“F*ck that, this isn’t Coachella”: a summary of my feelings on b2b Forest
written by Ariana Assaf
Earlier today, Facebook-fueled rumor mill The Festive Owl announced that Electric Forest has a two weekend plan in store for 2017 that, barring an apparently unlikely shut down from Rothbury city council, is expected to go. Naturally, everyone is freaking out.
Some are staying positive, saying that this will allow more people to experience the Forest’s magic. Others are hoping that fewer tickets available for each individual weekend will return a sense of intimacy that was lost as the festival grew to a 45,000 person event. More are making plans to spread their wings and fly away to festivals they feel haven’t become so corporate: Shambhala, Okeechobee, and Hulaween appeared most in online discussion.

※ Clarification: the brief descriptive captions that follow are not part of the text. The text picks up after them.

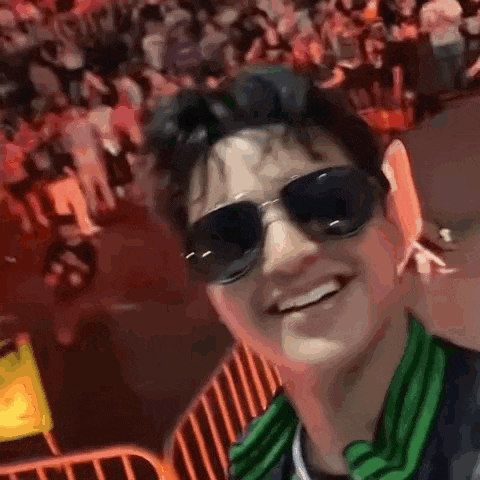 a man wearing sunglasses and a green scarf is taking a selfie in front of a crowd of people .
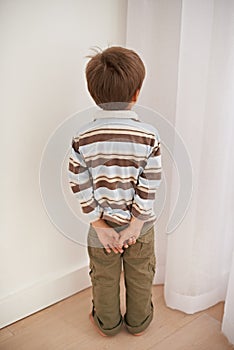 Child boy, trouble and time out for bad behaviour, discipline and parenting in family home. Punishment, small kid or son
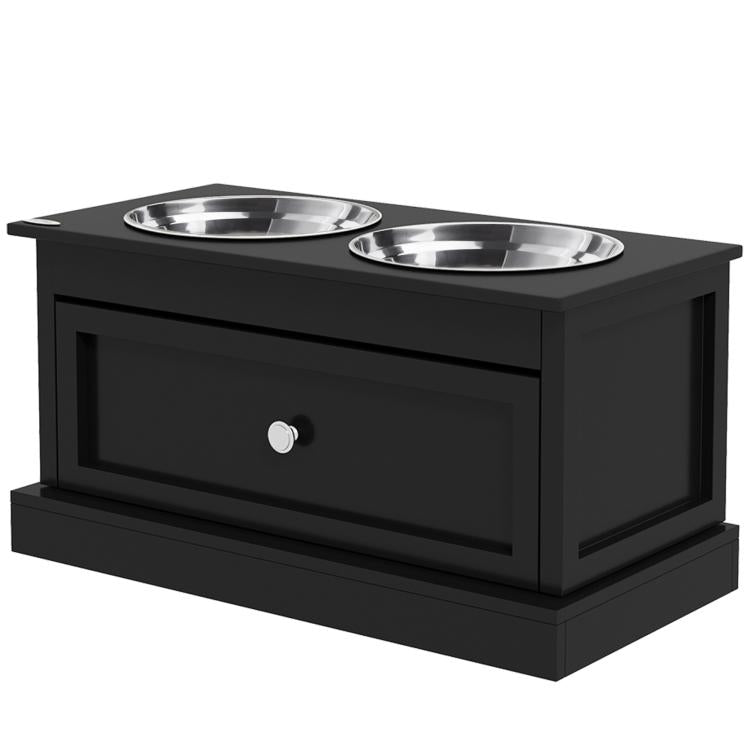 Black elevated dog feeding station with two stainless steel bowls and drawer front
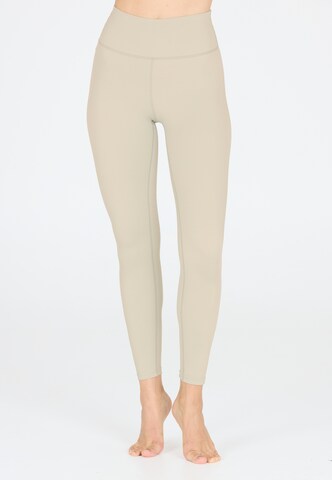 Athlecia Skinny Sports trousers 'FRANZ' in Brown: front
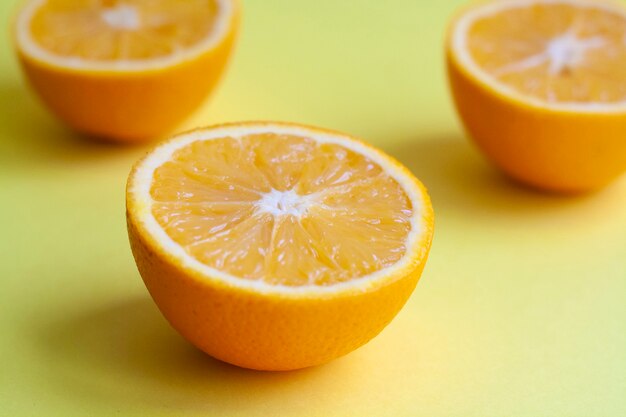 Rijpe oranje helften op een gele tafel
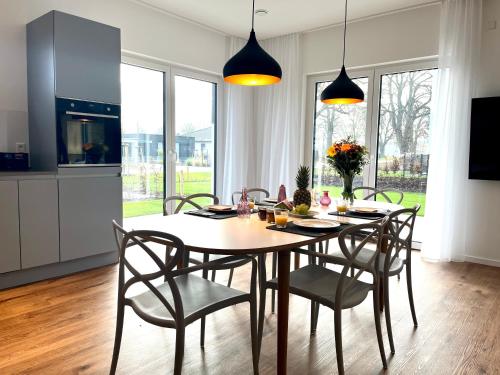 una cucina e una sala da pranzo con tavolo e sedie di NEU! Feriendomizil TraumZeit 1 mit Sauna & Garten a Göhren-Lebbin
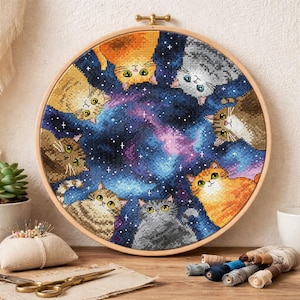 Pode incluir: Um bastidor de bordado em ponto cruz circular com um design celestial com vários gatos contra um fundo estrelado. Os gatos são de várias cores, incluindo laranja, cinza e marrom, com olhos amarelos. O fundo é uma mistura de azul, roxo e rosa.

One comment comparing the expansion to that of fake flower headband flooded, TMZ wonderland Coachella has stuck with me most. Coachella is my first festival love (first festival, period), and although it’s increasingly associated with a shallow stereotype, my doubts about the Coachella scene were washed away during the first of three days I spent frolicking through those polo fields with some of the most beautiful people—inside and out—I have ever had the pleasure of festing with.
Because for every Brandy Melville model wannabe who heads to the desert with the sole intention of seeing and being seen, there are more people who felt like they could keep going after seeing The Strokes play in 2011. There are more people who listen to Grouplove when they just need to scream about something, because they saw Hannah Hooper kill it in a bright blue unitard in 2012 when Grouplove’s name was almost too small to read. There are people who stuck with it until 2016, and knew that it was all worth it when The Chainsmokers brought on Third Eye Blind for “Jumper,” because they actually made us feel like they understood.
Two weekends of Electric Forest won’t ruin it, but it will change it. Change for rising artists means they’ll get another gig out of it, vendors selling hand-made wonders will get another chance to share what they’ve created, and the promoters will profit as they have been and always will. Change for us, perhaps, will mean blissful escapes from the real world won’t be as relieving when everyone we need around us for it to work can’t make it. When, heaven forbid, they give us two different lineups and we have to somehow figure out which one will satisfy our souls long enough to last another year. When we realize that our Forest home is changing, and that we are changing, and that we can’t make it stop.